The Indian prime minister spoke with Mr Trump on the phone after his inauguration as the US president last month. After the 27 January call, Mr Trump said Mr Modi was “going to be coming to the White House in the next month, probably in February”.
Mr Modi would be among the first world leaders to meet the new president. Israeli prime minister Benjamin Netanyahu became the first foreign leader to meet Mr Trump at the White House on Tuesday.
The Trump administration began deporting illegal migrants from India on Tuesday as part of a wider crackdown on illegal immigrants in the country. An unnamed US official told Reuters that an American military plane had departed for India with migrants but would not arrive for at least 24 hours.
As part of his escalating crackdown on illegal immigration, which fulfils a key campaign promise, Mr Trump has closed the asylum system to people lacking proper documentation, assigned the military to deport immigration violators, and given deportation officers authority to target the majority of unauthorised immigrants, even those without criminal records.
The Pentagon said last week that US military planes were flying out about 5,000 immigrants held in El Paso, Texas, and San Diego, California. So far, military aircraft have flown migrants back to Guatemala, Peru and Honduras.
The Indian government has indicated a willingness to cooperate with the Trump administration in identifying and repatriating its citizens who are living illegally in the US in a bid to avoid a diplomatic or trade war with Washington. They have already identified 18,000 such people, sources told Bloomberg.
The Pew Research Center estimates there are around 725,000 undocumented Indian migrants in the US, making them the third-largest group of illegal immigrants in the country after those from Mexico and El Salvador. A 2022 Department of Homeland Security report said around 220,000 Indians were living in the US without authorisation.

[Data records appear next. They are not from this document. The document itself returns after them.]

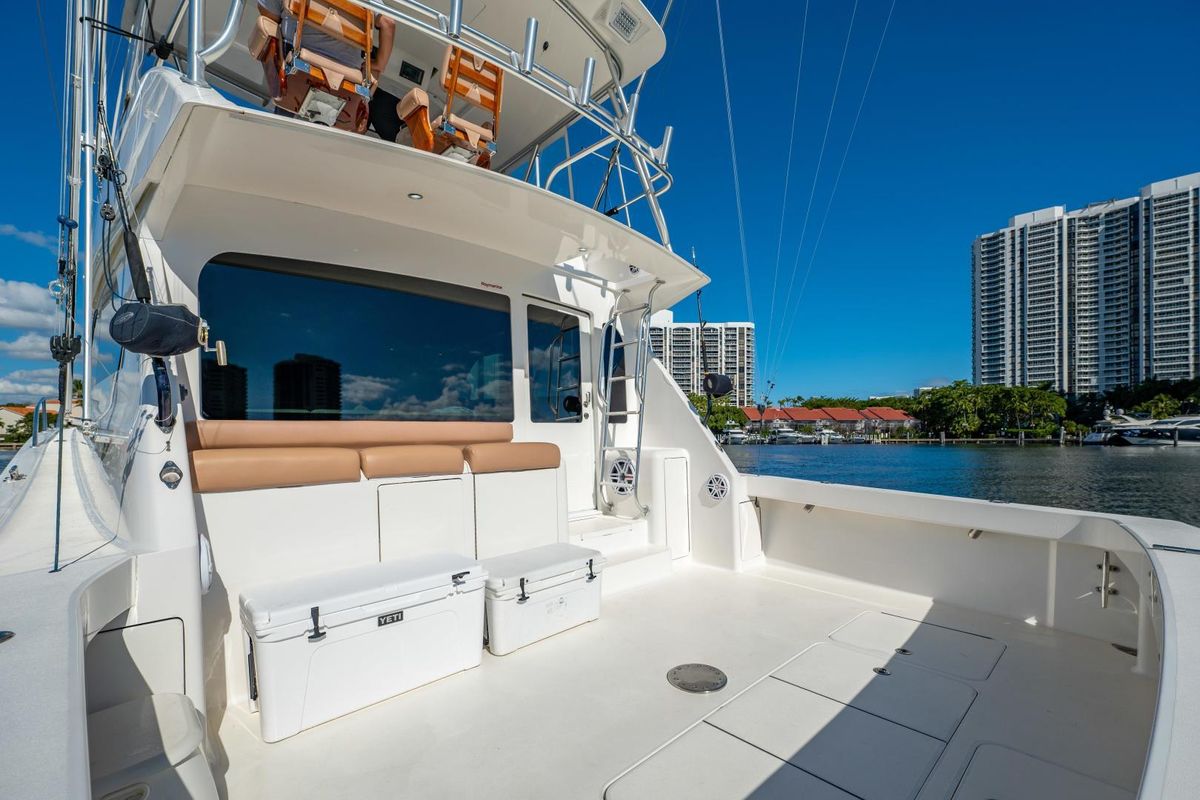 2007 Viking 52 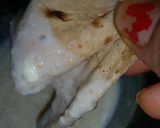 A picture of step 7 of Sweet cocoa curd.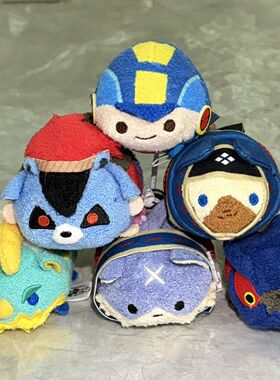 怪物猎人周边日本 卡普空周边capcom 逆转裁判 怪物猎人小趴趴玩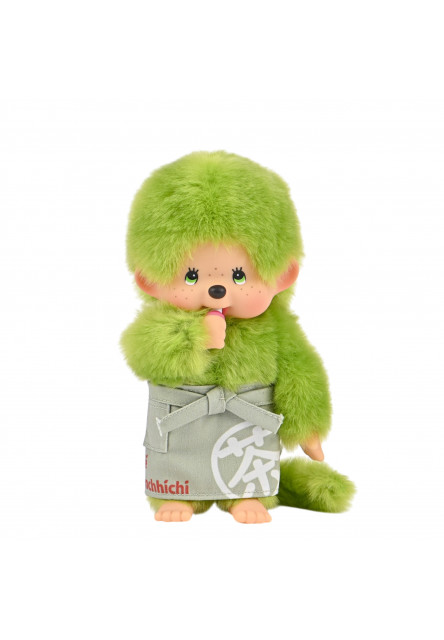 Monchhichi Mončiči Matcha barista chlapec 20cm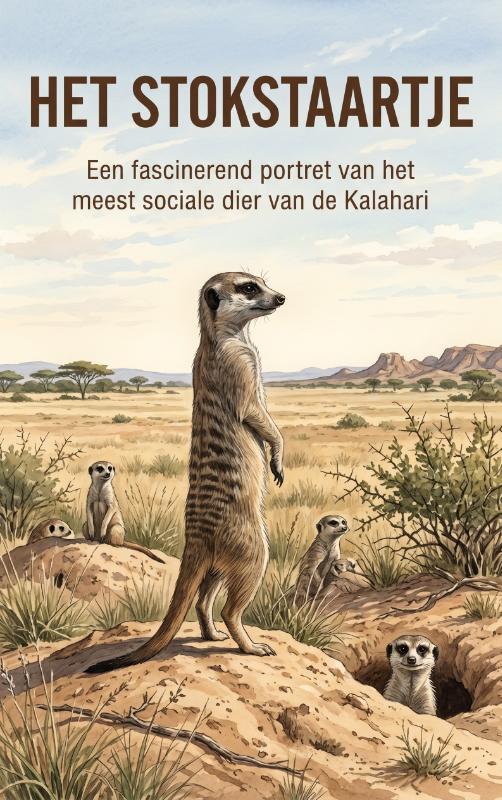 Omslag van Het stokstaartje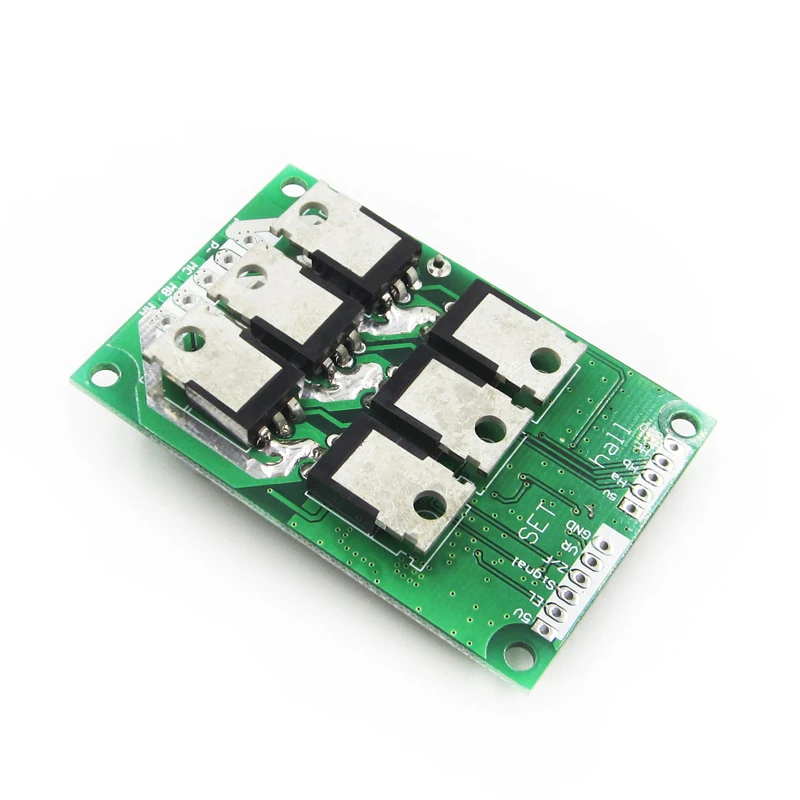 DC 12V 36V 500W PWM бесщеточный мотор Управление Зал балансировки автомобильных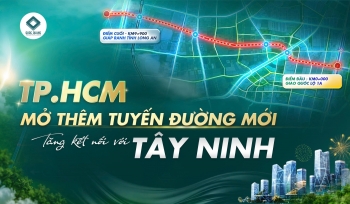 THÀNH PHỐ HỒ CHÍ MINH MỞ THÊM TUYẾN ĐƯỜNG MỚI TĂNG KẾT NỐI VỚI TÂY NINH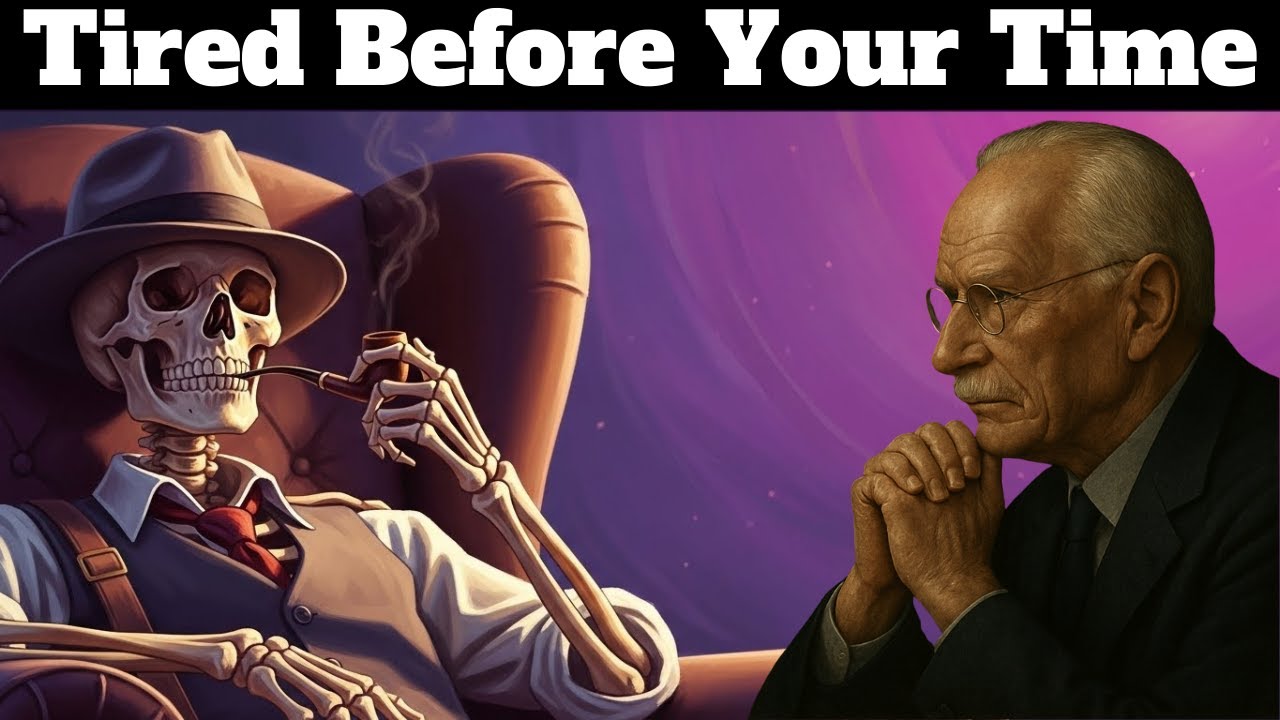 Why Your Soul Feels Older Than Your Body | Emotional Aging After Narcissistic Parents | Carl Jung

Mr Modi’s impending visit comes amid mounting concern in New Delhi over a potential trade war with the new US administration. Mr Trump has repeatedly singled out India for criticism over high tariffs, claiming they harm American businesses, and pledged to impose reciprocal duties on goods from the South Asian country.
“If they tax us, we tax them the same amount,” the president said in an interview on Fox News. “They tax us. We tax them. And they tax us almost in all cases and we haven’t been taxing them.”
Mr Trump also threatened to slap a 100 per cent import tariff on countries in the Brics bloc, of which India is a founding member, if they attempted to replace the American dollar for international trade.
Mr Modi shared a warm relationship with Mr Trump during his first term from 2016 to 2020 with the two leaders appearing together at large public rallies in Ahmedabad and Houston, respectively. Trade issues aside, Mr Modi’s ruling BJP has talked up Mr Trump’s November victory as being good news for bilateral ties.
India’s relationship with the US continued to deepen during the Joe Biden administration despite Washington accusing Mr Modi’s government of plotting the attempted assassination of a Sikh separatist leader in America and friction over New Delhi’s refusal to sever ties with Russia over the Ukraine war.
The US sees India as a counterbalance to a rapidly rising China in Asia and the two nations are part of the Quad grouping with Australia and Japan.